As the governor of the Central Bank of Nigeria, Sanusi Lamdio Sanusi suggested that the tightening cycle could continue into 2014 and this has had some effect on the fixed income market.
“It’s obvious that going into next year [the] option of any kind of loosening is almost out of it, in worst case scenario we expect them to maintain the status quo,” Kizito Odunze, Bond sales Analyst at Dunn Loren Merrifield told CNBC Africa.
Given the election spending that will take place next year, the expected headwinds in 2014 such as the renewed talks of tapering in the US, there are strong indications that there will be a need for more fiscal tightening.
“The market has [the] impression that if any kind of tightening is going to take place, it probably won’t happen in the first MPC meeting next year,” he explained.
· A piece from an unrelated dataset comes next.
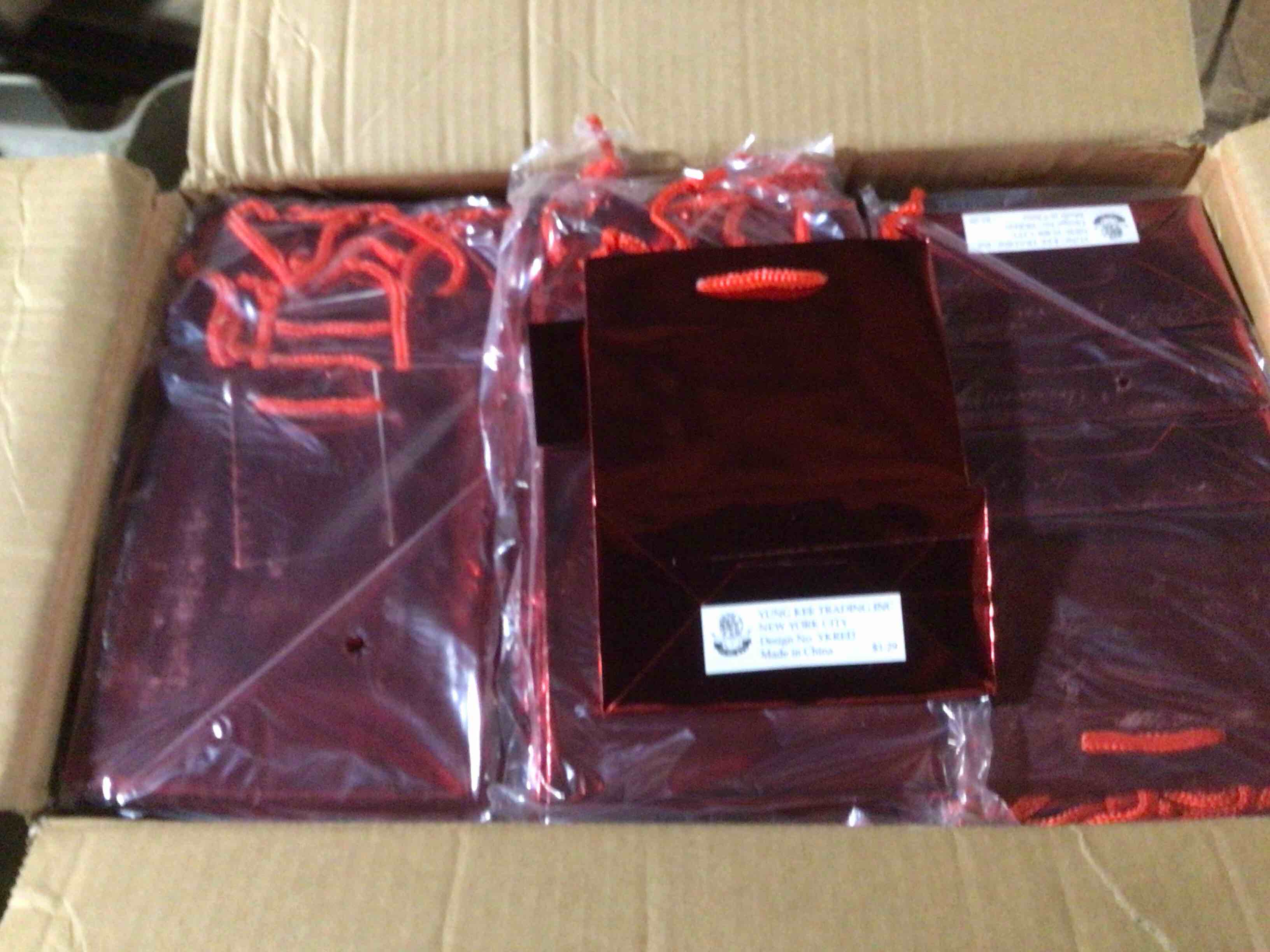 Condition photo showing New/Like New for case of 300 paper small (birthday )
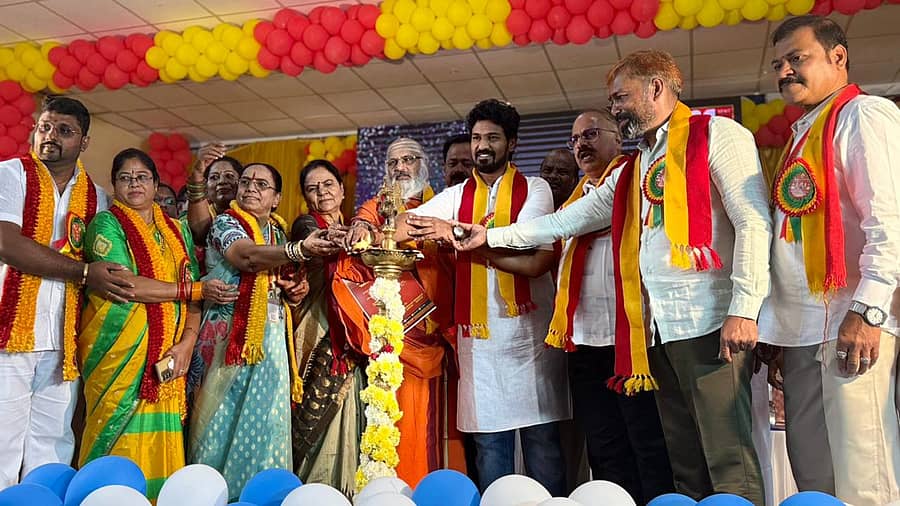 ದಾವಣಗೆರೆಯ ಕುವೆಂಪು ಕನ್ನಡ ಭವನದಲ್ಲಿ ಕರ್ನಾಟಕ ಯುವರಕ್ಷಣಾ ವೇದಿಕೆಯ ಗುರುವಾರ ಆಯೋಜಿಸಿದ್ದ ಸಮಾರಂಭವನ್ನು ‘ಇನ್ಸೈಟ್ ಐಎಎಸ್’ ಸಂಸ್ಥೆಯ ಸಂಸ್ಥಾಪಕ ಜಿ.ಬಿ.ವಿನಯ್ ಕುಮಾರ್ ಉದ್ಘಾಟಿಸಿದರು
According to the Federal Open Market Committee October meeting, tapering will most likely start from March next year thus most investors locally have started a strategy of placing shorter on the T-bills market and taking maturities that most people will be out of before March next year.
“When the new interest rates regime takes place, most people can adapt to it so traders and investors locally are reacting to that and placing shorter on the T-bills market,” he said.
This week, according to Odunze, some maturities in the bond market could affect liquidity. Nonetheless, as some of them are in the hands of Pension Fund Administrators and private investors, a re-introduction of those funds back to the fixed income market is expected.
“We saw a little bit of that last week where there was a little bit of bullish run as a result of some of the bonds that matured last week,” he added.